Advances in the analysis of 10Be by McCracken & Beer (2015) (MB15) suggest that annually resolved 10Be can be significantly affected by solar energetic particle (SEP) fluxes. This presents an opportunity to provide a valuable record of past SEP fluxes, and to determine and isolate any SEP effects for the accurate quantification of past solar activity.
In Barnard et al. (2018) we assess whether the MB15 reconstruction was biased by significant historic space weather, and whether 10Be can provide a proxy of such events. We compared the MB15 reconstruction of the annual heliospheric magnetic field magnitude (HMF) with two independent HMF estimates derived from sunspot records and geomagnetic variability (Owens et al., 2016), which are thought to be unbiased by space weather events. Computing the differences between the MB15 HMF reconstruction with the geomagnetic and sunspot reconstructions over the 115-year period of 1868-1983, we performed statistical tests to infer whether the differences appear to depend on large space weather events. We use records of ground level enhancements (GLEs) and great geomagnetic storms (GGMS, the top 10% of all storms identified in the aa geomagnetic index), as markers of years with large space weather events.
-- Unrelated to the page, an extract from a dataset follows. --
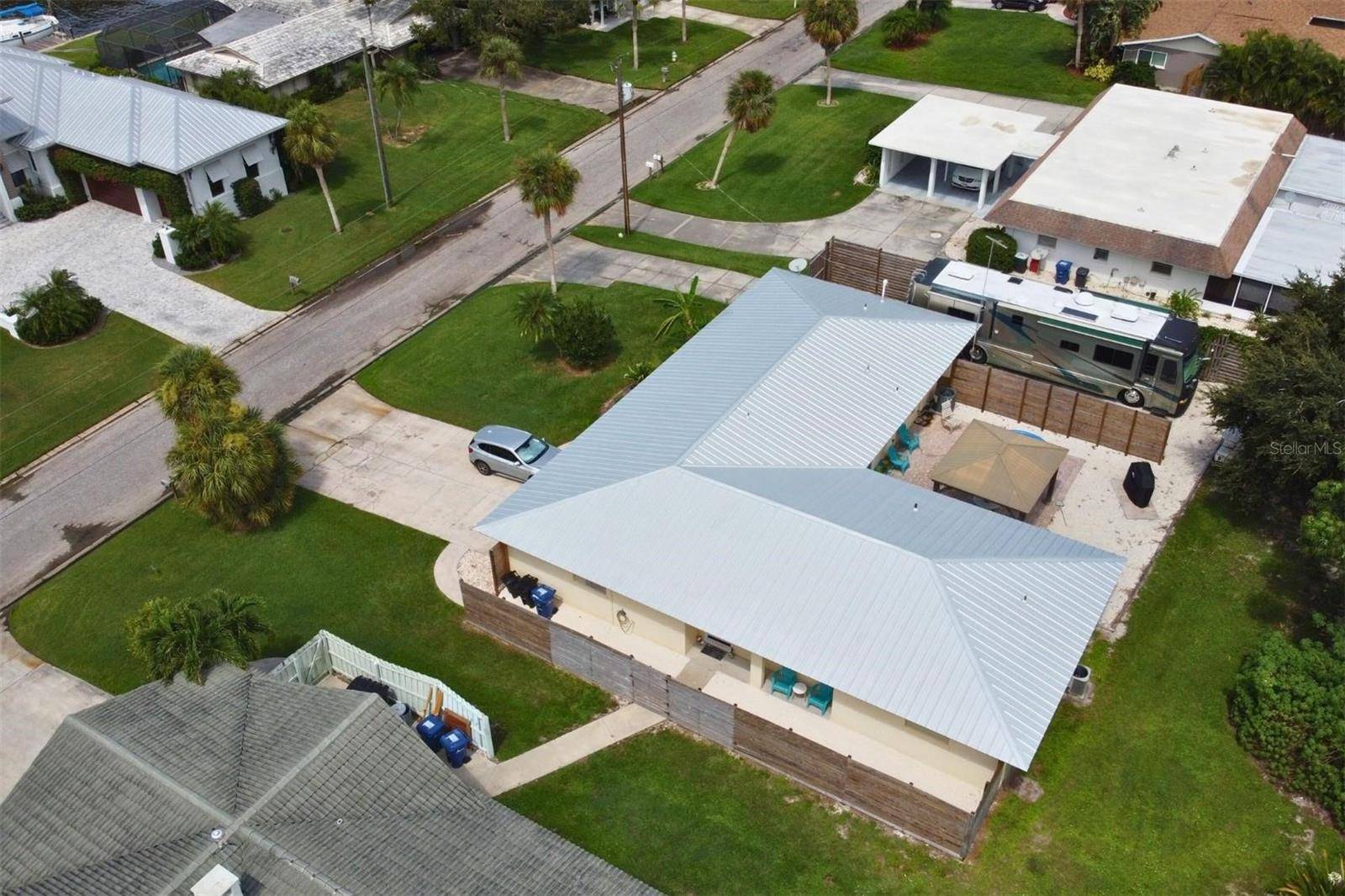 1860 SOUTHPOINTE DR, Sarasota, FL 34231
Figure 1 shows the empirical cumulative distribution function (ECDF) of the differences between the MB15 and geomagnetic reconstructions (Fg1), and between MB15 and the sunspot reconstruction (Fr1). Panels A and C show the ECDF of Fg1 (red line) in years with and without GGMS respectively, while Panels B and D show the ECDF of Fr1 (blue line) under the same conditions. Each panel also shows bootstrapped estimates of the ECDF (grey lines) from resampling the complete Fg1 and Fr1 series, independent of whether GGMS occurred. The distributions of Fg1 and Fr1 are different in years with and without GGMS, and, being at the opposite extremes of the bootstrap distribution, are larger than would be expected due to random sampling of the same underlying distribution. Consequently, we interpret this as evidence that large space weather events do bias the MB15 reconstruction.
Future advances rely on reducing uncertainty on the inversion of the cosmogenic isotope data, requiring a holistic modelling approach for the Earth system, magnetosphere, heliosphere and local interstellar environment. The research output of the MIST community is important in improving the models underlying the inversion of the cosmogenic isotope data, and consequently for improving the quantification of past space weather and climate.
Please see the paper below for more information:
Barnard, L., McCracken, K. G., Owens, M. J., & Lockwood, M. (2018). What can the annual 10Be solar activity reconstructions tell us about historic space weather? J. Space Weather Space Clim., 8, A23. DOI: 10.1051/swsc/2018014
Figure 1. (A) The ECDF of Fg1is given in red, computed for only years without GGMS events. The grey lines show 100 bootstrap estimates of the Fg1ECDF, computed by randomly sampling the Fg1series. Panel B has the same structure as panel A, but instead shows the ECDF of Fr1in blue. Panels (C) and (D) have the same structure as (A) and (B), but instead show the ECDFs of Fg1and Fr1for only years with GGMS events.